→ **Your assignment**
Nothing but the lines below from the one holding "Roneclick Women's Casual" up to and including the one holding "[5pcs Hemat] HANASUI" should be copied, exactly and without pictures.

→ **Records shown**
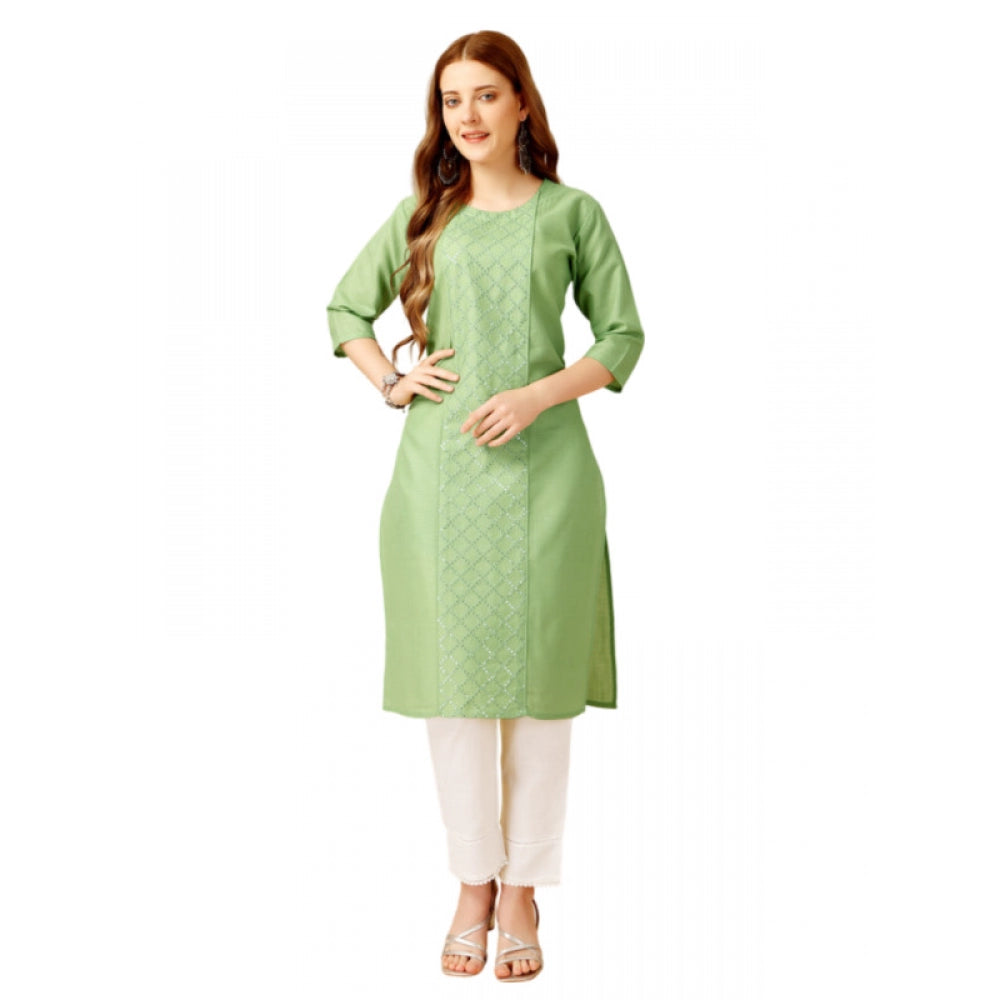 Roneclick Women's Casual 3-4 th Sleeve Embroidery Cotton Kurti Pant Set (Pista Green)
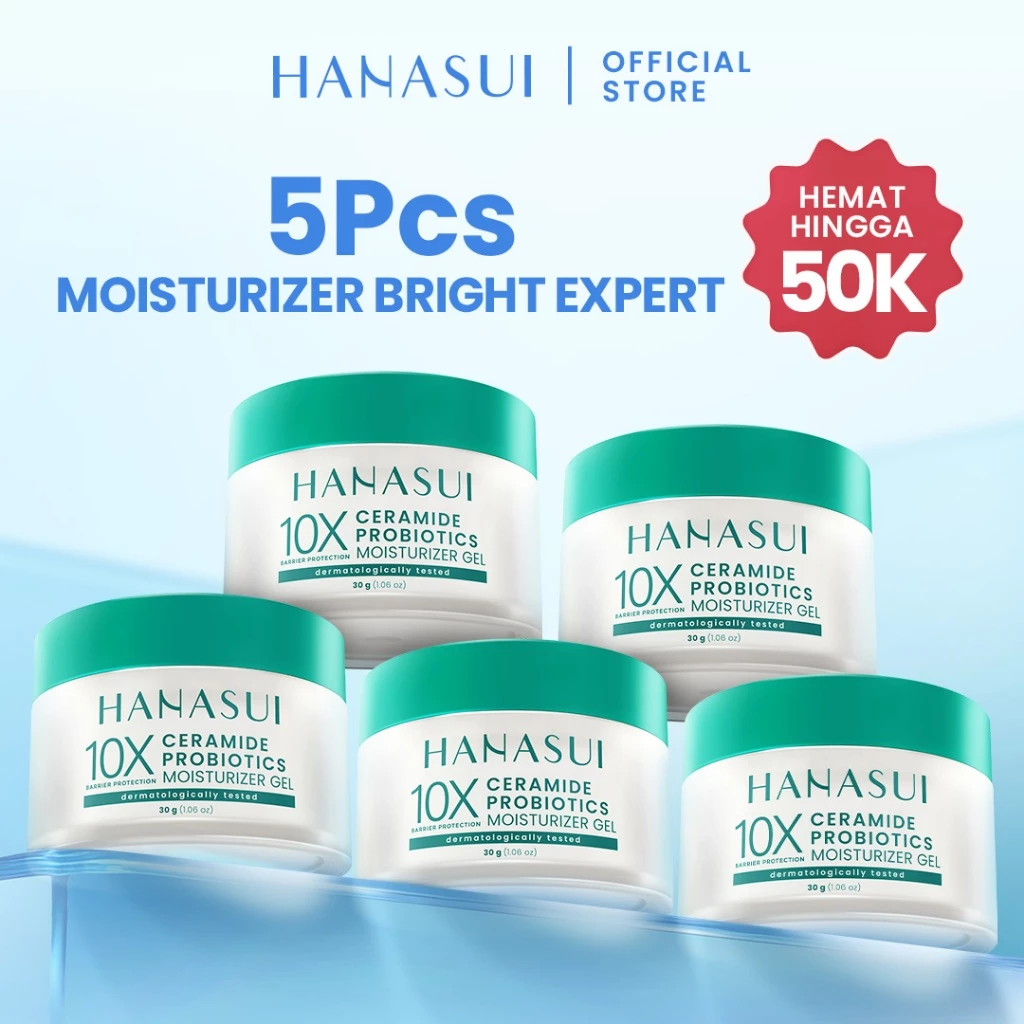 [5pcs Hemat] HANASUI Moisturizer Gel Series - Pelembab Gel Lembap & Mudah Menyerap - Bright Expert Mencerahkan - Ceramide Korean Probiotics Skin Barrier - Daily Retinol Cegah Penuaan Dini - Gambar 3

* * *

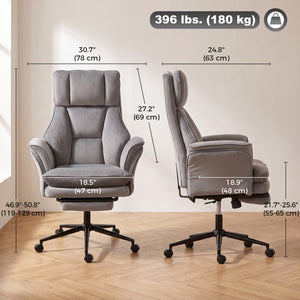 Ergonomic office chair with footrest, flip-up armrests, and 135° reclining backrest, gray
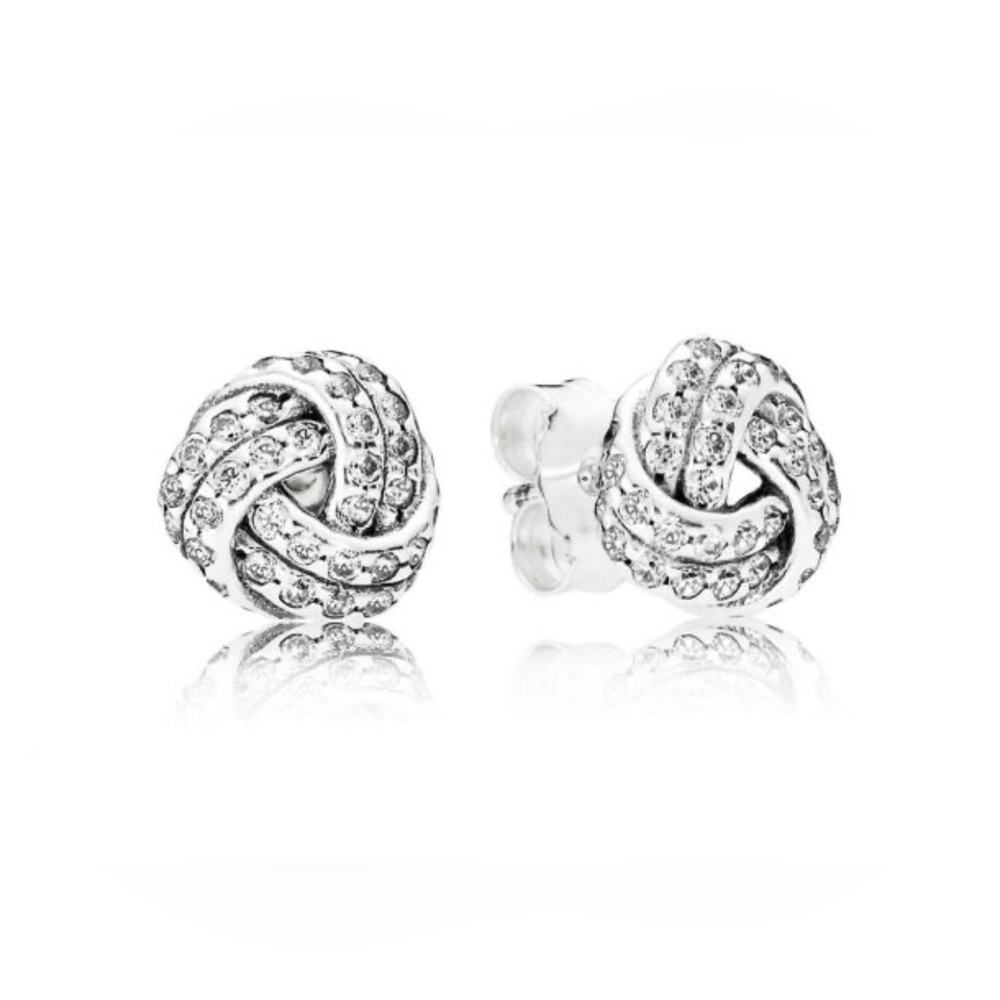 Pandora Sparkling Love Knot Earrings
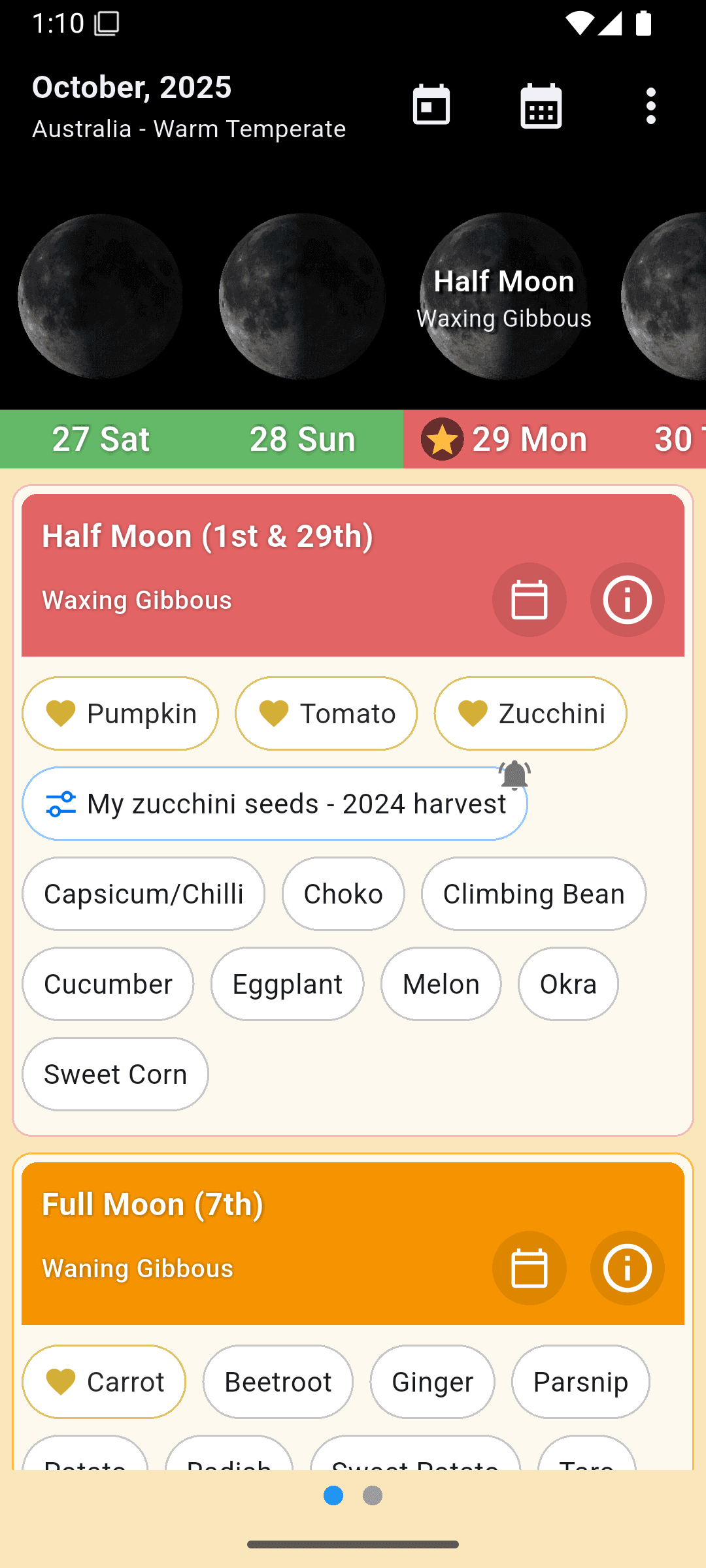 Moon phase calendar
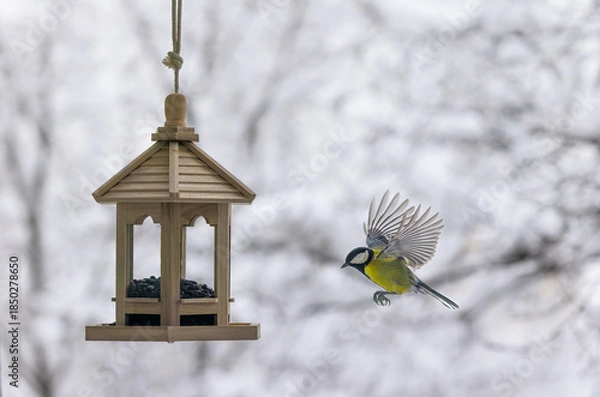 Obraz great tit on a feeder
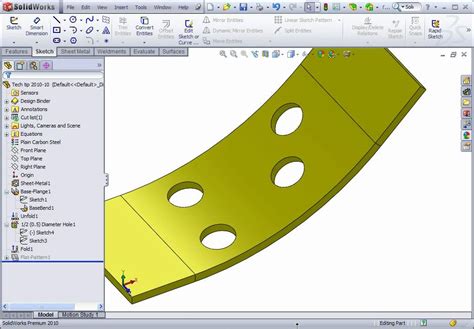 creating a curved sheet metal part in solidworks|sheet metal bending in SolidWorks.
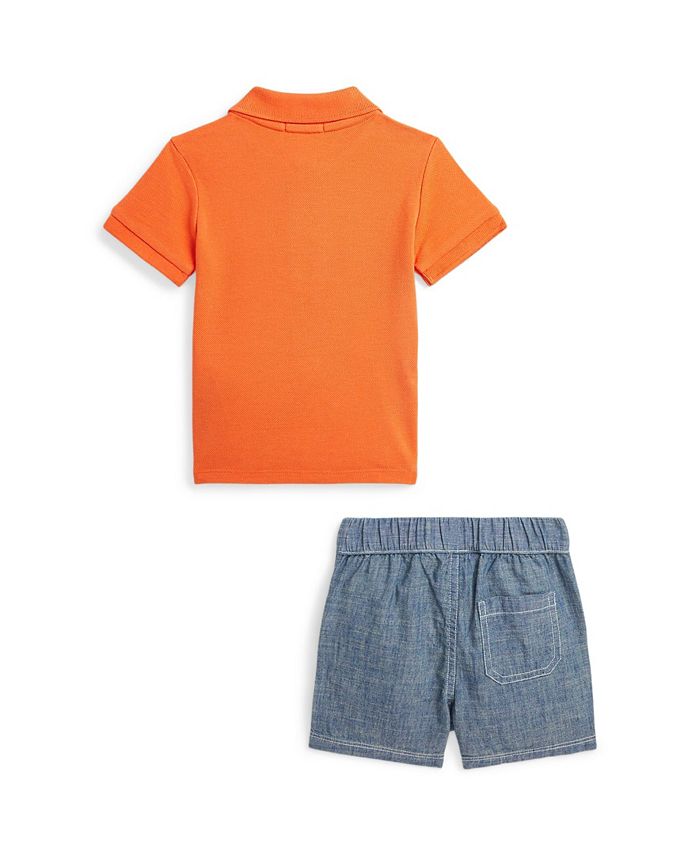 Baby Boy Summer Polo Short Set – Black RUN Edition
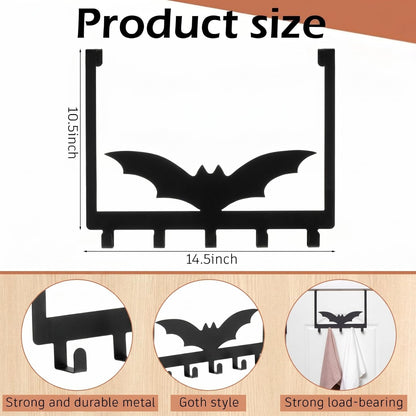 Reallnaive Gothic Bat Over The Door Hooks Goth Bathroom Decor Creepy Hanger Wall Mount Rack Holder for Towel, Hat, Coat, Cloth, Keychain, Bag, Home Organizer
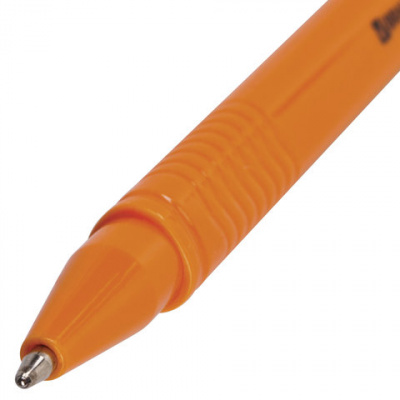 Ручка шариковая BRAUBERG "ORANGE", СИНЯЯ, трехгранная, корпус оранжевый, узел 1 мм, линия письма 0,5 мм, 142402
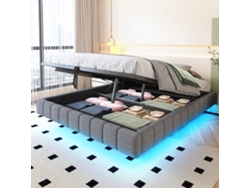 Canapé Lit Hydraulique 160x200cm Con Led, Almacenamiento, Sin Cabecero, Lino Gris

→ **Solution to this task**
 Roneclick Women's Casual 3-4 th Sleeve Embroidery Cotton Kurti Pant Set (Pista Green)
 [5pcs Hemat] HANASUI Moisturizer Gel Series - Pelembab Gel Lembap & Mudah Menyerap - Bright Expert Mencerahkan - Ceramide Korean Probiotics Skin Barrier - Daily Retinol Cegah Penuaan Dini - Gambar 3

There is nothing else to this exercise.